In the absence of official information, a truck driver's voice notes sent to his employer (who will remain anonymous) prove to be helpful.
He said the problem is twofold: the truck parks on the N1, of which there are only two, are filled to capacity and systems at Kasumbalesa are too slow.
He said customs in the DRC had recently decided that empty trucks on the southbound leg should use two other exits further east of Kasumbalesa, Mokambo and Sakania, without duly informing transporters.
The decision had a direct knock-on effect on administration at the border when officials had to shift processing requirements to the alternate borders.
“It’s completely inefficient on the part of the DRC,” Fitzmaurice said.
He told Freight News that ministers representing trade and transport in the DRC, responsible for supplying 70% of global cobalt requirements and ranked fourth in international coppers, appear unwilling to intervene on behalf of industry.
The backlog incidentally follows after a South African delegation, led by transport minister Sindisiwe Chikunga and several private-sector delegates, flew to Kasumbalesa last month to find solutions for regular bottlenecking south of the border.
This time though it’s not the northbound queue that's hampering cross-border trade in the area.
Fitzmaurice said there is a strong suspicion that the holdup is yet another attempt by crooked officialdom in the DRC to fleece transporters.
He explained that foreign registered operators, and most of the hauliers trucking into Haut Katanga are not Congolese, require entry cards to work in the DRC.

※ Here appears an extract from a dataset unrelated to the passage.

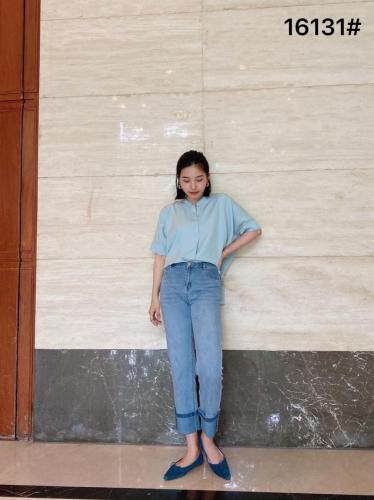 16131#?烟管裤 裤脚的假卷边设计?时尚感满满，女装，都市米兰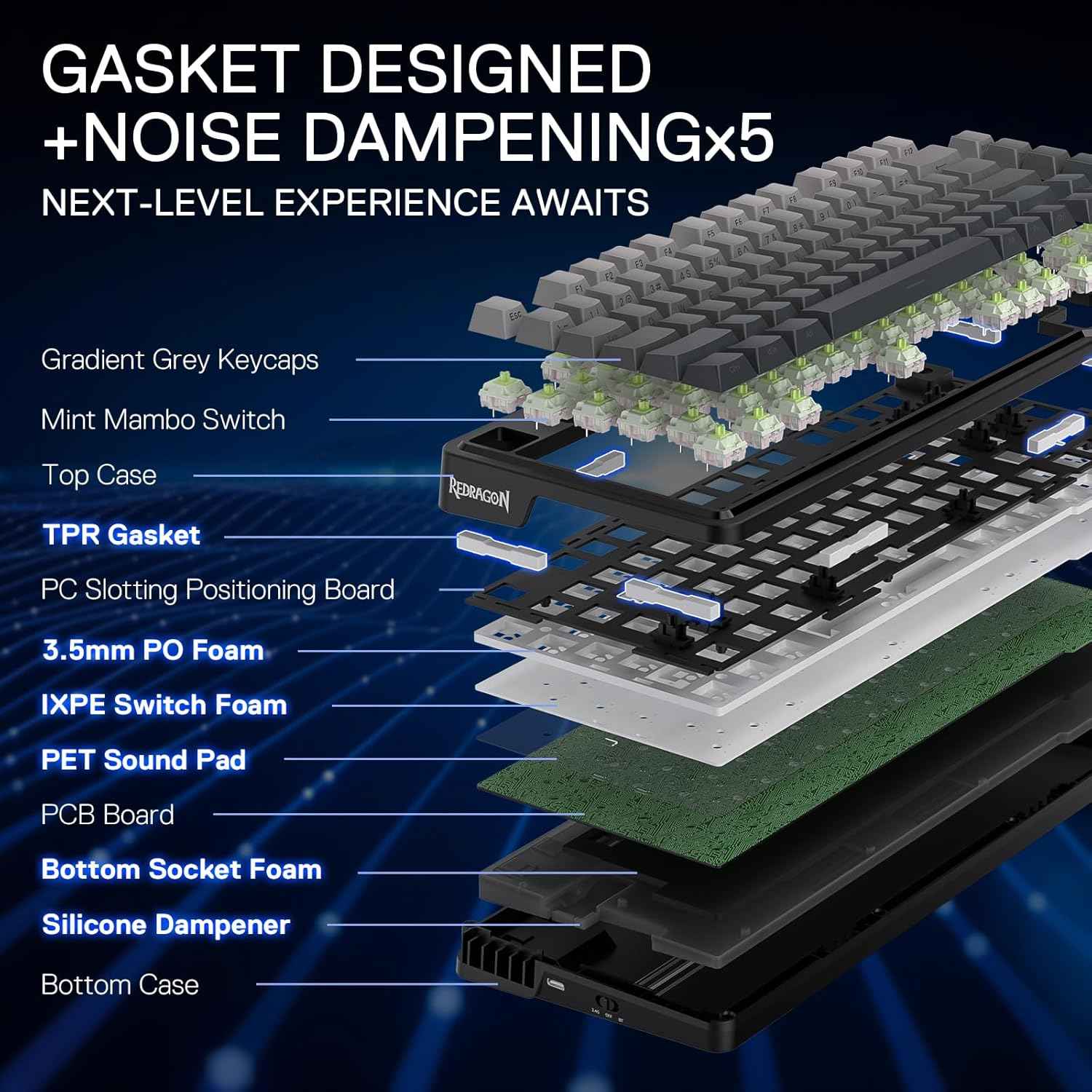 Redragon K673 Gb 75% Wireless Gasket Rgb Gaming Keyboard, 3-modes 81 Keys Pbt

Valid for only 30 days, these cards cost $180 and can bring a fair amount of revenue if drivers are slowed to a snail's pace on the N1 route.
Furthermore, the two truck parks for southbound drivers, Kanyaka in Lubumbashi and Whisky about 14 kilometres north of the border, are full.
“But drivers are still forced to pay for the parks.”
The truck driver who sent a series of voice notes to his employer confirmed this, saying overcrowded truck parks such as Kanyaka, which is significantly smaller than the capacity it is supposed to cater for, is a major source of congestion.
Tempers are also beginning to flare on the N1, where desperate drivers trying to skip the queue are often stopped and forced to return to the back of the line.
Earlier this week, a transporter told Fesarta’s WhatsApp group that trucks sometimes move about two kilometres a day.
Fitzmaurice said you could fit about four 22-meter trucks into every 100 meters, so if the queue goes all the way to Lubumbashi, you’re talking of 4000 trucks tailgating one another on the N1 out of the DRC.
“Some of the drivers we know have been in the queue for ten days and at the going rate will not make it out of the DRC before their entry cards expire,” he said.